• **Entries provided**:
***

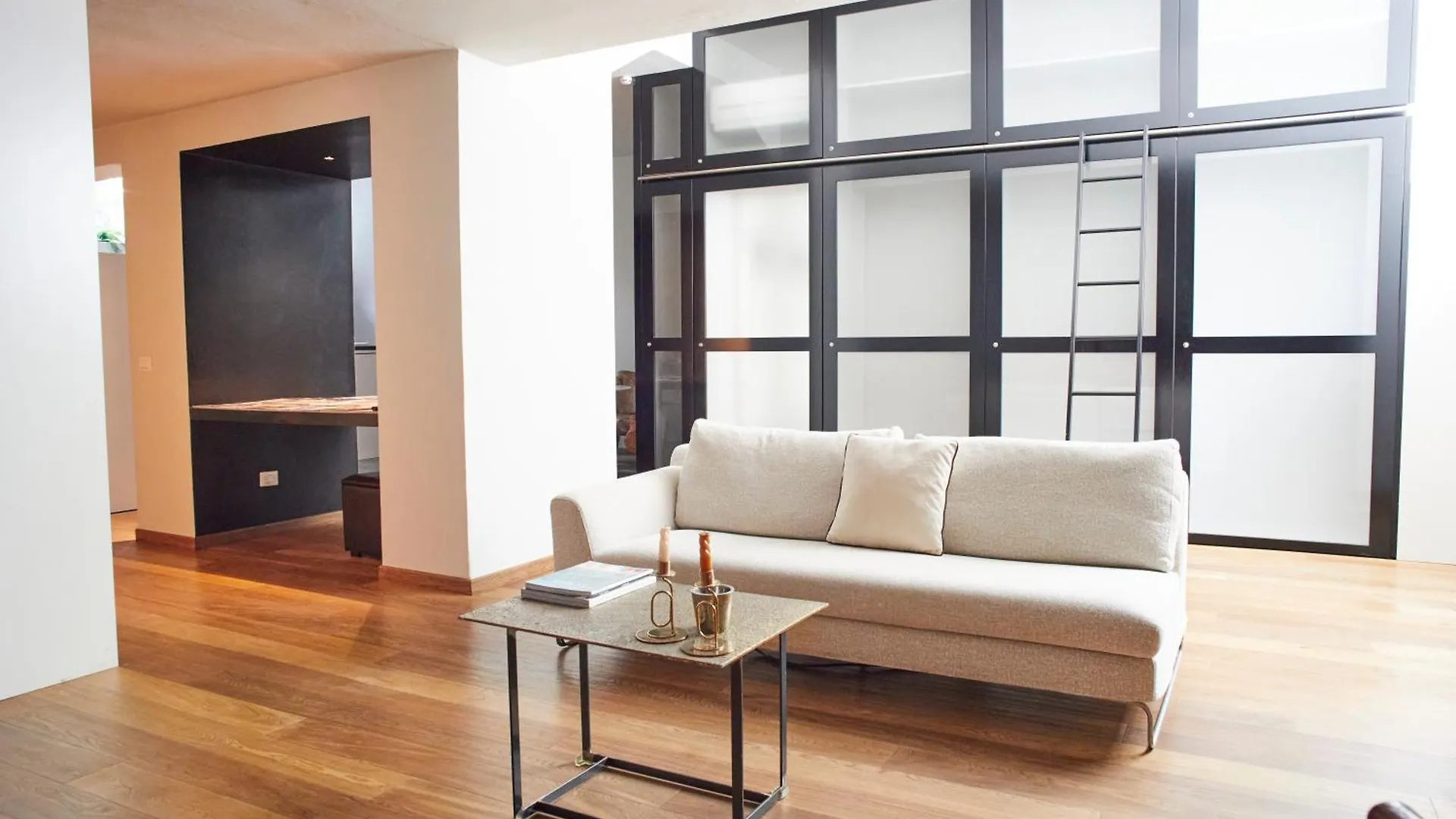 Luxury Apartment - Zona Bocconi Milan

***

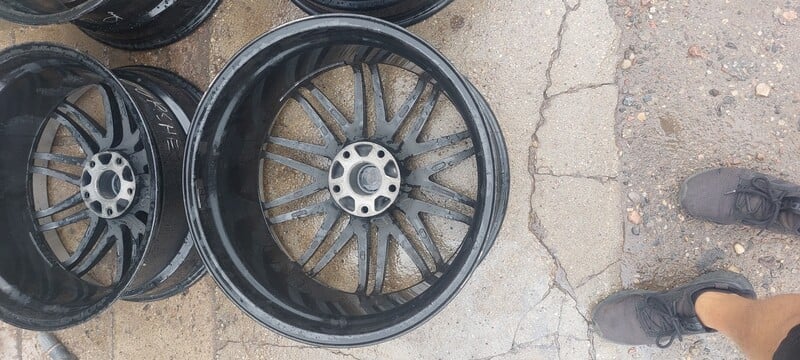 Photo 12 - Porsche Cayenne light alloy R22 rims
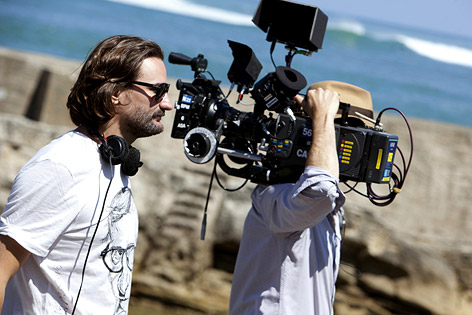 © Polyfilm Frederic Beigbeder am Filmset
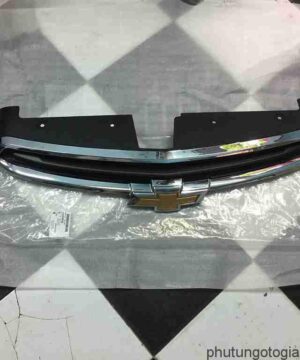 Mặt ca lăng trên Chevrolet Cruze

***

• **Task to carry out**: Although pictures appear among the entries, please set down only the lines from the one with "Photo 12 - Porsche" up to and including the one with "Mặt ca lăng trên Chevrolet Cruze", word for word.

• **Task response**:
 Photo 12 - Porsche Cayenne light alloy R22 rims
 © Polyfilm Frederic Beigbeder am Filmset
 Mặt ca lăng trên Chevrolet Cruze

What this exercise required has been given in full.